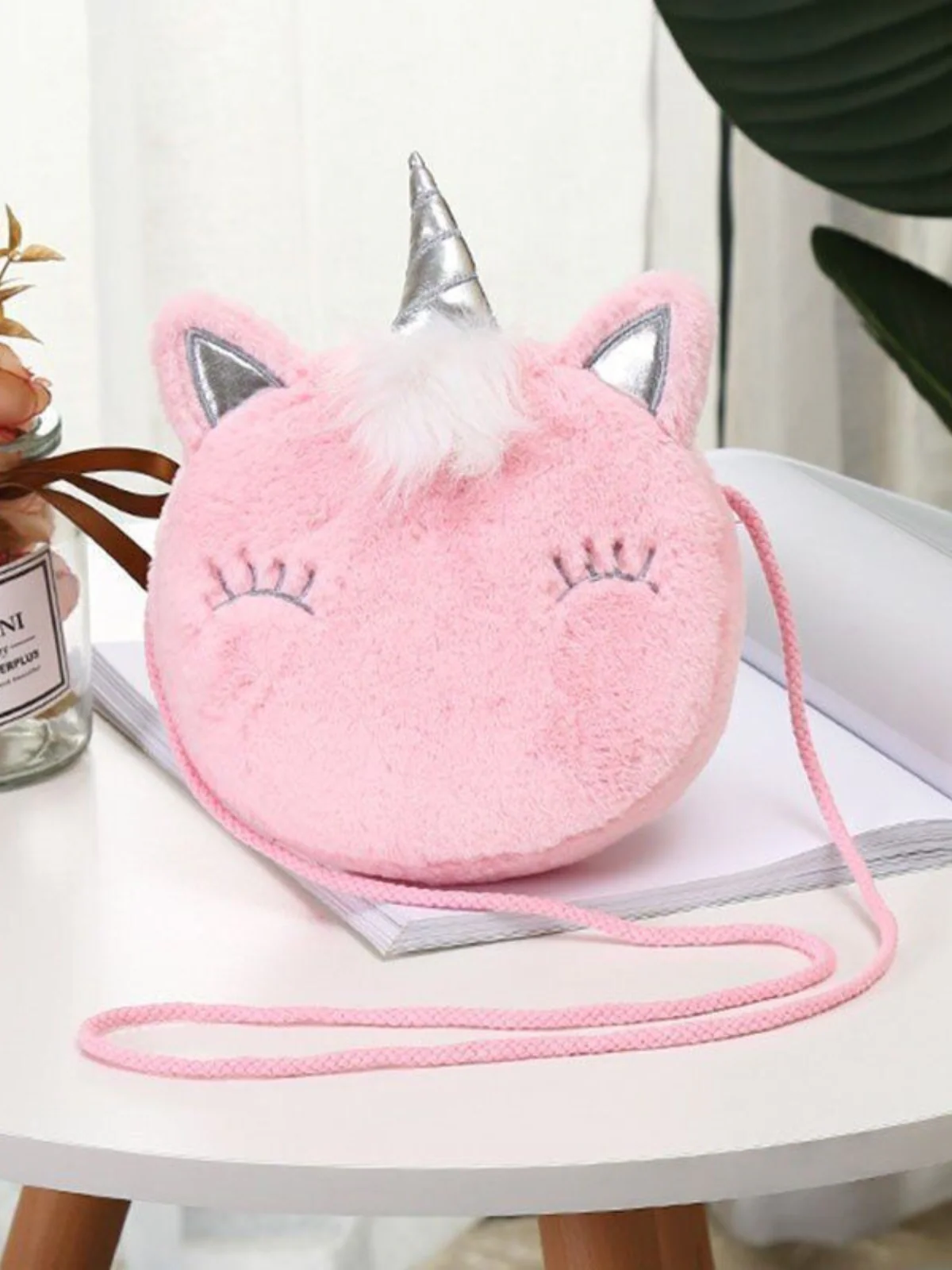 Cutiepie Stylista Fuzzy Unicorn Circle Bag - Image 5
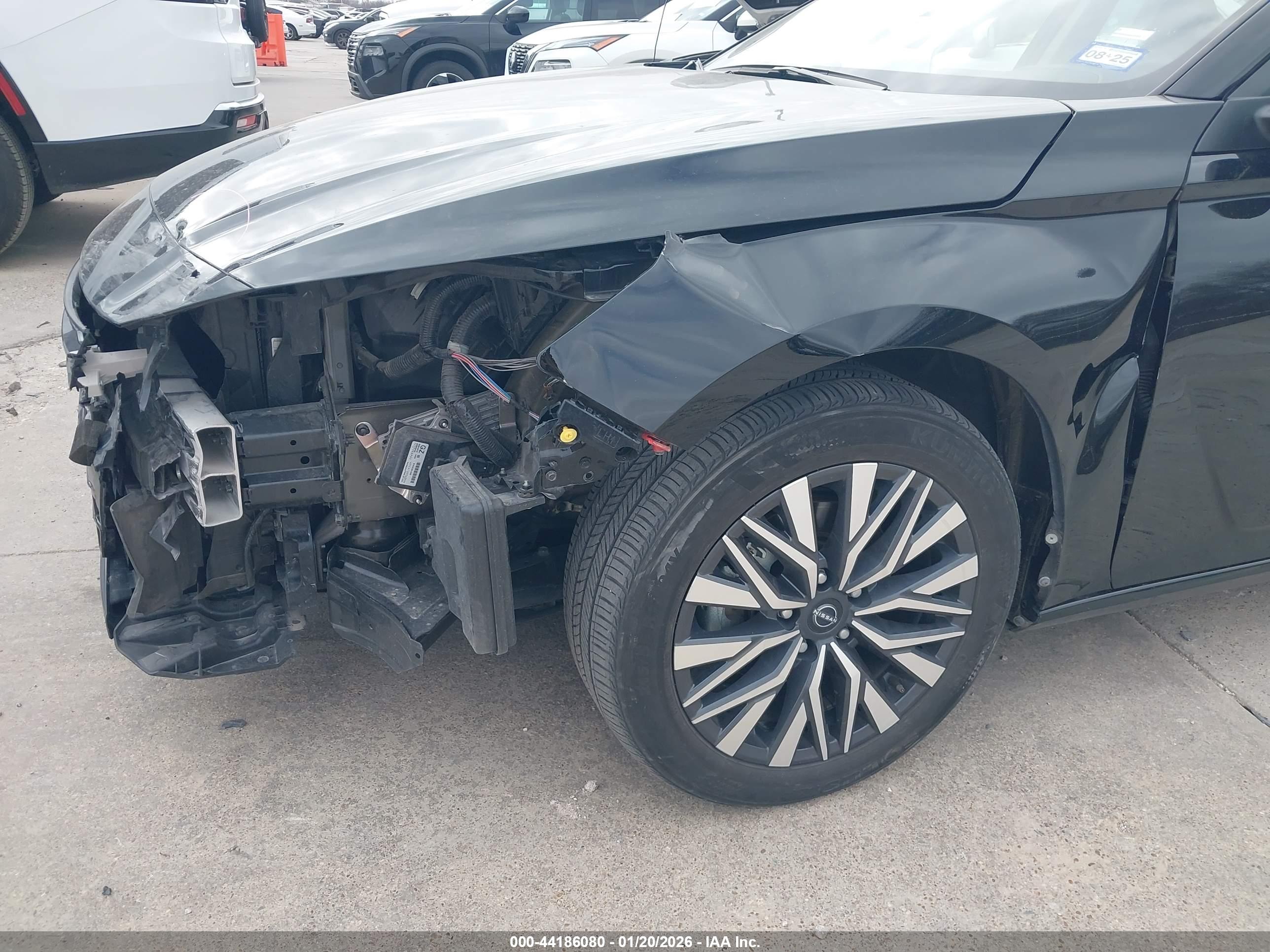 NISSAN ALTIMA image 6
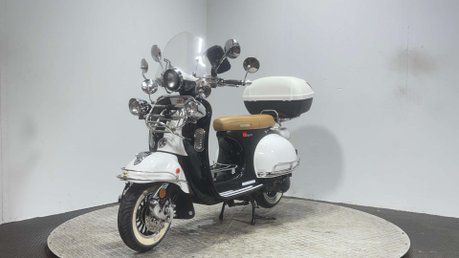 Lexmoto Milano 2020 2K GOOD RUNNING PROJECT SCOOTER 125CC LEARNER BIKE 6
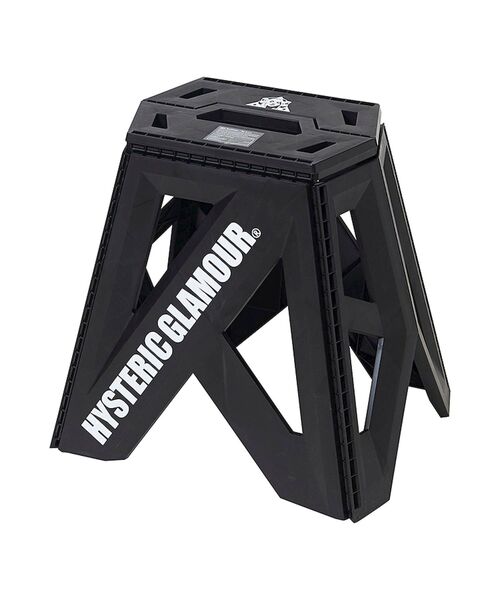 HYSTERIC GLAMOUR（ヒステリックグラマー）の「TRIANGLE WOMAN フォーダブルチェア39cm（家具・メンズ・カーキ/ベージュ/ブラック・FREE）」の2枚目の写真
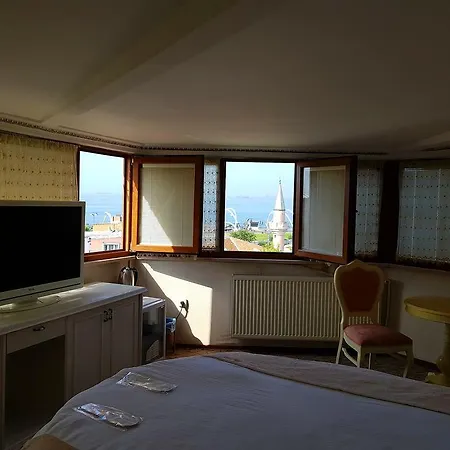 Fuat Bey Palace & Istanbul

Problem details: An exact transcript is required, covering the lines from the one containing "Lexmoto Milano 2020" through the end of the listing above, inclusive, without pictures.

Answer area:
 Lexmoto Milano 2020 2K GOOD RUNNING PROJECT SCOOTER 125CC LEARNER BIKE 6
 HYSTERIC GLAMOUR（ヒステリックグラマー）の「TRIANGLE WOMAN フォーダブルチェア39cm（家具・メンズ・カーキ/ベージュ/ブラック・FREE）」の2枚目の写真
 Fuat Bey Palace & Istanbul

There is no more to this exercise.